The new rate set was announced by Professor Njuguna Ndungu who is the Chairman of the the Monetary Policy Committee and it stands at 9.13 percent.

“This level of the KBRR will be effective from 8th July, 2014 until its next review in January 2015 (if conditions do not drastically change),” said Ndungu.

The new KBBR was informed by the Central Bank Rate and the weighted 2-month moving average of the 91-day Treasury bill rate after discussions with stakeholders , CBK and National Treasury held discussions.

“The KBRR was developed as part of the recommendations to enhance the supply of private sector credit and mortgage finance in Kenya by facilitating a transparent credit pricing framework. It will be the base rate for all commercial banks’ lending,” added Ndungu.

money_0081 Given that one of the components of the KBRR is the CBR, this framework is expected to enhance the transmission of monetary policy signals through commercial banks’ lending rates. It will be computed as an average of the CBR and the weighted 2-month moving average of the 91-day Treasury bill rates. The KBRR will be reviewed and announced by the CBK through MPC Press Releases after every six months (if conditions do not drastically change) from the effective date and operationalized through a Banking Circular.

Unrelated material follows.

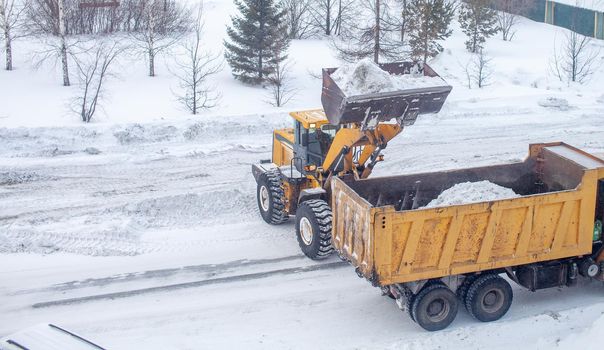 Big yellow tractor cleans up snow from the road and loads it into the truck. Cleaning and cleaning of roads in the city from snow in winter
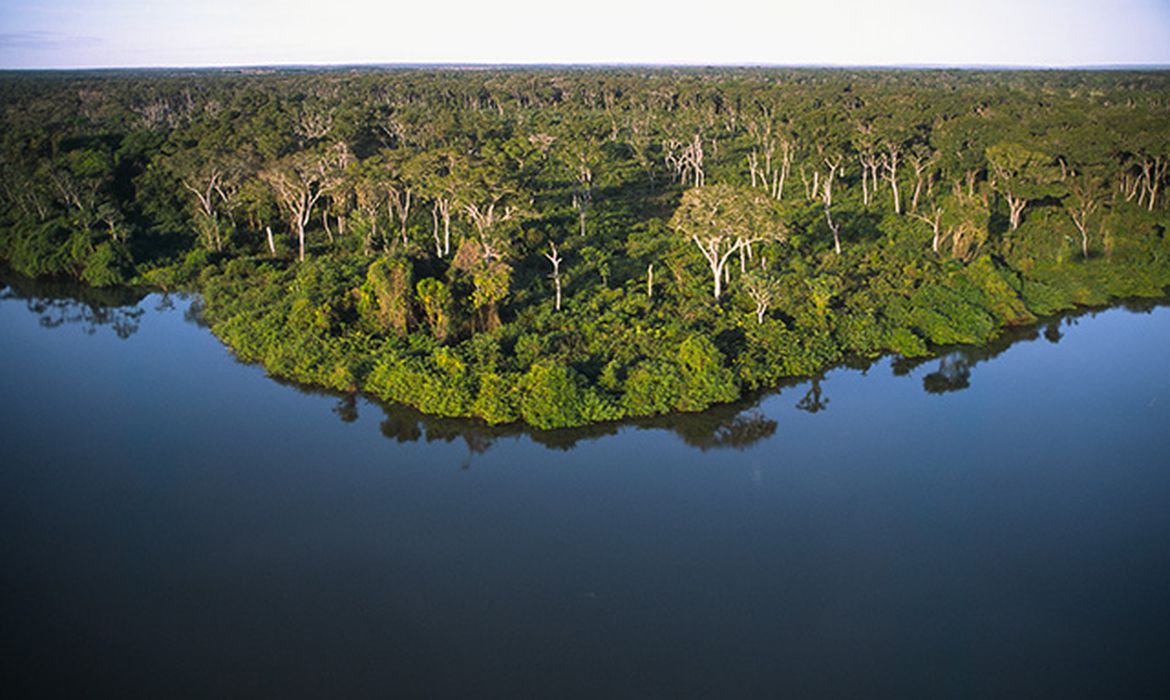 COP 27: Desmate pode reduzir 1/3 da vazão das águas dos rios do Cerrado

This new development comes in the wake of the introduction of the Annual Percentage Rate (APR) by the Kenya Bankers Association, which is another tool that customers will use to compare the total cost of borrowing apart from interest rates.

This will require  banks to provide loan applicants with a breakdown of the Total Cost of Credit in line with the Central Bank Prudential Guidelines.

The APR takes into account costs of the interest rate component; bank charges and fees; and third party costs, including legal fees, insurance costs, valuation fees, and government levies.